This essential narrative has more or less prevailed for the last fourteen years, throughout a murky and obscene pseudo-war that has generated multiple tributaries and left the notion of ‘moral clarity’ looking more than a little tarnished.   But recently, there are suggestions that the public is about to be persuaded to take a different view of the great 21st century evil that we have been trying to extirpate during these dismally unheroic years.

It now appears that al Qaeda may not be as evil as we thought, or at least not as evil as ISIS, and there may even be some contexts when we might be obliged to collaborate with it in order to achieve our common goals.   In an article in the Wall Street Journal entitled ‘To U.S. Allies, Al Qaeda Affiliate in Syria Becomes the Lesser Evil’ (subscriber only),  the WSJ’s reporter in Lebanon makes this startling observation:

‘In the three-way war ravaging Syria, should the local al Qaeda branch be seen as the lesser evil to be wooed rather than bombed?

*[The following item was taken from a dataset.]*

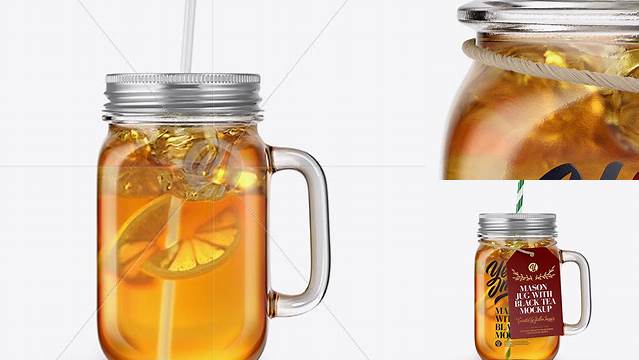 8612+ Closed Mason Jug with Straw and Label PSD Mockup Black Tea Premium Design Freebie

This is increasingly the view of some of America’s regional allies and even some Western officials. In a war now in its fifth year, in which 230,000 people have been killed and another 7.6 million uprooted, few good options remain for how to tackle the crisis.’

The ‘local al Qaeda branch’ is Jabhat al-Nusra, an organization  that has previously been designated a terrorist group by the U.S. and the United Nations because of its long record of sectarian massacre and atrocity.   Now, according to the WSJ:

‘Outnumbered and outgunned, the more secular, Western-backed rebels have found themselves fighting shoulder to shoulder with Nusra in key battlefields. As the Assad regime wobbles and Islamic State, or ISIS, gains ground in both Syria and Iraq, reaching out to the more pragmatic Nusra is the only rational choice left for the international community, supporters of this approach argue.’

The WSJ approvingly quotes Saudi Prince Faisal bin Saud bin Abdulmohsen, from  the King Faisal Center for Research and Islamic Studies in Riyadh, who says:

‘It does say something when suddenly Nusra become a lot more tempting. It speaks volumes as to the severity of the situation.  At this point we must really differentiate between fanaticism and outright monstrosity.’

Perhaps, but the Saudi regime is not really a government to make this distinction, at a time when it is currently blasting much of Yemen to smithereens, and the Saudi prince’s observations are part of an orchestrated attempt by the Gulf states to win support for al-Nusra by presenting it as a ‘moderate’ Islamist alternative to Islamic State.

On 27 May, Al-Jazeera broadcast an interview with Abu Mohammed al-Golani, the leader of al-Nusra, in which he claimed that his organization would treat Syria’s minorities differently from ISIS and that it would not attack western targets.

And in a blog on the New York Review of Books entitled Why We Need al-Qaeda, Ahmed Rashid argues that AQ might be ‘the best option left in the Middle East for the US and its allies.’   How so?  Because of the ‘confusion’ in US policy that has led the US to bomb organizations like Jabhat al-Nusra in Syria and al-Qaeda in the Arabian Peninsula (AQAP) in Yemen, while America’s Turkish and Arab allies have been actively supporting or collaborating with these same organizations.

Rashid echoes the Gulf state narrative that AQ has ‘evolved in profound ways since the death of Osama bin Laden and the emergence of ISIS.’  According to Rashid, AQ has no interest in the general Sunni/Shia war promoted by ISIS.  Its affiliate Jabhat al-Nusra, unlike ISIS, cooperates with anti-Assad groups and rebel militias in northern Syria.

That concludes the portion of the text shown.